PROBLEM: Copy all of the data that follows without altering a word.

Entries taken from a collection
%%

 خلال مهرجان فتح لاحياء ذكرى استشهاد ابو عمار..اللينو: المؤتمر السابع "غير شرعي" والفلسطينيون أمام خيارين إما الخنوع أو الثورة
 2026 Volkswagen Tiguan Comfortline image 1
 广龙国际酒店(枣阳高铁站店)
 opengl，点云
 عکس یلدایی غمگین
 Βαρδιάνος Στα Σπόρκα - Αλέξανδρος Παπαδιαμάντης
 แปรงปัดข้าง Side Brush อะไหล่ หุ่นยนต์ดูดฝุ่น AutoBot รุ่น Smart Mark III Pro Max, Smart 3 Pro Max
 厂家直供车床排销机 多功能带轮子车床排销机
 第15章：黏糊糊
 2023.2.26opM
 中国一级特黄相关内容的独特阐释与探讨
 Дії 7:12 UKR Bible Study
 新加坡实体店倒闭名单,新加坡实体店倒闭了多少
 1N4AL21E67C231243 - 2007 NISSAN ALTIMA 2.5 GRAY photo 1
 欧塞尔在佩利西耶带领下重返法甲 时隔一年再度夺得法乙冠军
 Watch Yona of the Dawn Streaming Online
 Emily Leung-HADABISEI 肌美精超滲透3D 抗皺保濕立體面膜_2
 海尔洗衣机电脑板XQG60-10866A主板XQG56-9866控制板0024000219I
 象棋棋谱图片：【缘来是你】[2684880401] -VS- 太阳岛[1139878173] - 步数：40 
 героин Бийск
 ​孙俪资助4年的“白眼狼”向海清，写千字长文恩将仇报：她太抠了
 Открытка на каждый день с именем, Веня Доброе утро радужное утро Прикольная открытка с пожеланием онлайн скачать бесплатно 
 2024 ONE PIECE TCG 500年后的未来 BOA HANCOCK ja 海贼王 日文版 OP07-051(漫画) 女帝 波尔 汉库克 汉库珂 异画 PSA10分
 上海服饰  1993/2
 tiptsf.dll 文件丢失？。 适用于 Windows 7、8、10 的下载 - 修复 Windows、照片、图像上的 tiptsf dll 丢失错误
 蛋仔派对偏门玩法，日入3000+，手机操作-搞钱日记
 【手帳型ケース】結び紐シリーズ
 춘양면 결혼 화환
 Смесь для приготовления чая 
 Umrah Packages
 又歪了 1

%%

RESULT:
 خلال مهرجان فتح لاحياء ذكرى استشهاد ابو عمار..اللينو: المؤتمر السابع "غير شرعي" والفلسطينيون أمام خيارين إما الخنوع أو الثورة
 2026 Volkswagen Tiguan Comfortline image 1
 广龙国际酒店(枣阳高铁站店)
 opengl，点云
 عکس یلدایی غمگین
 Βαρδιάνος Στα Σπόρκα - Αλέξανδρος Παπαδιαμάντης
 แปรงปัดข้าง Side Brush อะไหล่ หุ่นยนต์ดูดฝุ่น AutoBot รุ่น Smart Mark III Pro Max, Smart 3 Pro Max
 厂家直供车床排销机 多功能带轮子车床排销机
 第15章：黏糊糊
 2023.2.26opM
 中国一级特黄相关内容的独特阐释与探讨
 Дії 7:12 UKR Bible Study
 新加坡实体店倒闭名单,新加坡实体店倒闭了多少
 1N4AL21E67C231243 - 2007 NISSAN ALTIMA 2.5 GRAY photo 1
 欧塞尔在佩利西耶带领下重返法甲 时隔一年再度夺得法乙冠军
 Watch Yona of the Dawn Streaming Online
 Emily Leung-HADABISEI 肌美精超滲透3D 抗皺保濕立體面膜_2
 海尔洗衣机电脑板XQG60-10866A主板XQG56-9866控制板0024000219I
 象棋棋谱图片：【缘来是你】[2684880401] -VS- 太阳岛[1139878173] - 步数：40 
 героин Бийск
 ​孙俪资助4年的“白眼狼”向海清，写千字长文恩将仇报：她太抠了
 Открытка на каждый день с именем, Веня Доброе утро радужное утро Прикольная открытка с пожеланием онлайн скачать бесплатно 
 2024 ONE PIECE TCG 500年后的未来 BOA HANCOCK ja 海贼王 日文版 OP07-051(漫画) 女帝 波尔 汉库克 汉库珂 异画 PSA10分
 上海服饰  1993/2
 tiptsf.dll 文件丢失？。 适用于 Windows 7、8、10 的下载 - 修复 Windows、照片、图像上的 tiptsf dll 丢失错误
 蛋仔派对偏门玩法，日入3000+，手机操作-搞钱日记
 【手帳型ケース】結び紐シリーズ
 춘양면 결혼 화환
 Смесь для приготовления чая 
 Umrah Packages
 又歪了 1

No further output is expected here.